[function] preprocess_dataframe() - P3chys/textmining GitHub Wiki
Function: preprocess_dataframe()
Purpose
Applies the complete text preprocessing pipeline to an entire DataFrame column, efficiently processing multiple reviews at once while preserving the original data structure.
Syntax
preprocess_dataframe(df, text_column='review_body', new_column='processed_text',
remove_stops=True, stem=False, lemmatize=True,
extra_stopwords=None, keep_sentiment_words=True)
Parameters
| Parameter | Type | Default | Description |
|---|---|---|---|
df |
pandas.DataFrame | Required | DataFrame containing review data |
text_column |
str | 'review_body' | Name of column containing raw text to process |
new_column |
str | 'processed_text' | Name for new column storing processed tokens |
remove_stops |
bool | True | Whether to remove stopwords |
stem |
bool | False | Whether to apply stemming |
lemmatize |
bool | True | Whether to apply lemmatization |
extra_stopwords |
list/set or None | None | Additional custom stopwords |
keep_sentiment_words |
bool | True | Whether to preserve sentiment-bearing stopwords |
Returns
- Type: pandas.DataFrame
- Content: Copy of original DataFrame with two new columns:
new_column: List of processed tokens for each review'processed_text_string': Space-joined string version of tokens
Processing Workflow
- DataFrame Duplication: Creates copy to preserve original data
- Batch Processing: Applies
preprocess_text()to each row via.apply() - Token Storage: Stores processed tokens as lists in new column
- String Conversion: Creates readable string version for easy inspection
Data Structure Output
Original DataFrame:
| review_id | review_body | star_rating |
|-----------|------------------------------|-------------|
| 1 | "This product is amazing!" | 5 |
| 2 | "Not worth the money" | 2 |
After Processing:
| review_id | review_body | star_rating | processed_text | processed_text_string |
|-----------|--------------------------|-------------|--------------------------|------------------------------|
| 1 | "This product is amazing!" | 5 | ['product', 'amazing'] | "product amazing" |
| 2 | "Not worth the money" | 2 | ['not', 'worth', 'money'] | "not worth money" |
Usage Examples
# Basic usage on standard column
df_processed = preprocess_dataframe(df)
# Custom column names
df_processed = preprocess_dataframe(
df,
text_column='review_headline',
new_column='processed_headline'
)
# Domain-specific preprocessing
ecommerce_stops = ['amazon', 'product', 'item', 'seller', 'purchase']
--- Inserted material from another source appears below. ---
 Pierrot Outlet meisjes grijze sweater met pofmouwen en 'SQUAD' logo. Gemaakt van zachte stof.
df_processed = preprocess_dataframe(
df,
extra_stopwords=ecommerce_stops,
keep_sentiment_words=True
)
# Speed-optimized processing
df_processed = preprocess_dataframe(
df,
stem=True,
lemmatize=False,
remove_stops=True
)
# Minimal preprocessing for special analysis
df_processed = preprocess_dataframe(
df,
remove_stops=False,
lemmatize=False,
new_column='minimal_processed'
)
Memory and Performance Considerations
Memory Usage:
- Creates full copy of DataFrame
- Stores both token lists and string versions
- Memory requirements: ~3x original DataFrame size
Processing Time:
- Linear with DataFrame size
- Each row processed independently
- Time complexity: O(n) where n = number of rows
Optimization Strategies:
# Process in chunks for large datasets
def process_large_dataframe(df, chunk_size=1000):
processed_chunks = []
for i in range(0, len(df), chunk_size):
chunk = df.iloc[i:i+chunk_size]
processed_chunk = preprocess_dataframe(chunk)
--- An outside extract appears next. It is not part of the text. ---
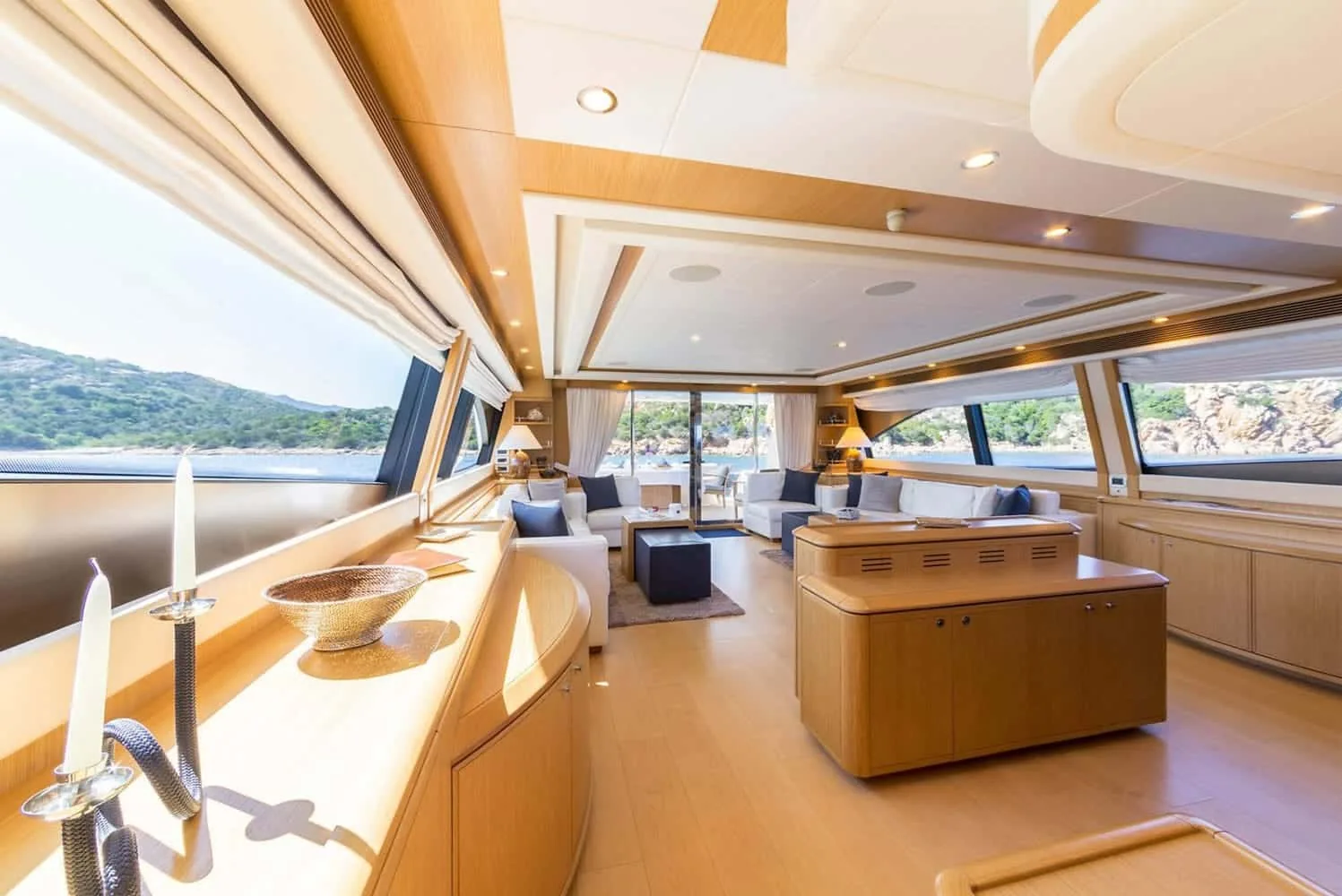 PORTHOS - photo 20 yacht charter Cannes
processed_chunks.append(processed_chunk)
return pd.concat(processed_chunks, ignore_index=True)
Error Handling and Robustness
Input Validation:
- Handles missing values in text column gracefully
- Converts input to DataFrame format automatically
- Preserves non-text columns unchanged
Processing Errors:
- Individual row failures don't crash entire operation
- Invalid text entries return empty token lists
- Maintains DataFrame structure integrity
Quality Assurance Features
Preview Functionality:
# Check preprocessing results
df_sample = df.head(5)
processed_sample = preprocess_dataframe(df_sample)
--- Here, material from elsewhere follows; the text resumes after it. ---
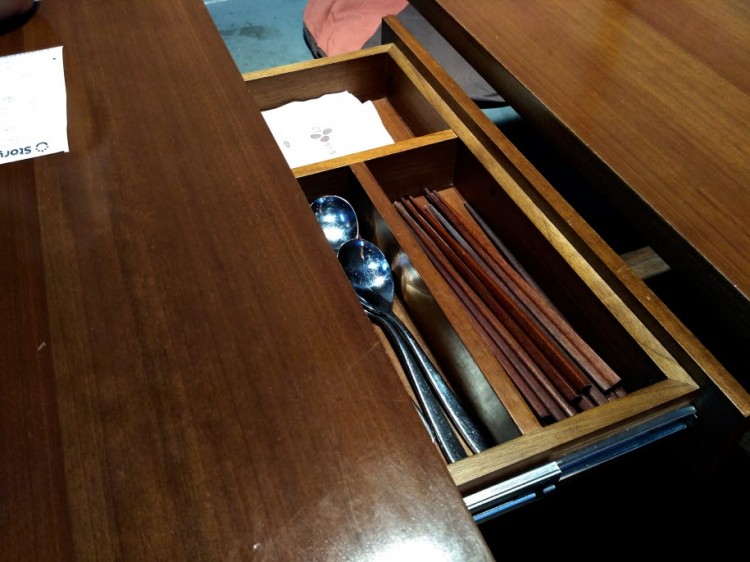 箸、スプーン、ナプキンはテーブルの横に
print(processed_sample['review_body', 'processed_text_string'](/P3chys/textmining/wiki/'review_body',-'processed_text_string'))
Validation Methods:
# Verify processing worked correctly
def validate_preprocessing(df_processed, original_col, processed_col):
# Check for empty processed texts
empty_count = df_processed[processed_col].apply(len).eq(0).sum()
print(f"Empty processed texts: {empty_count}")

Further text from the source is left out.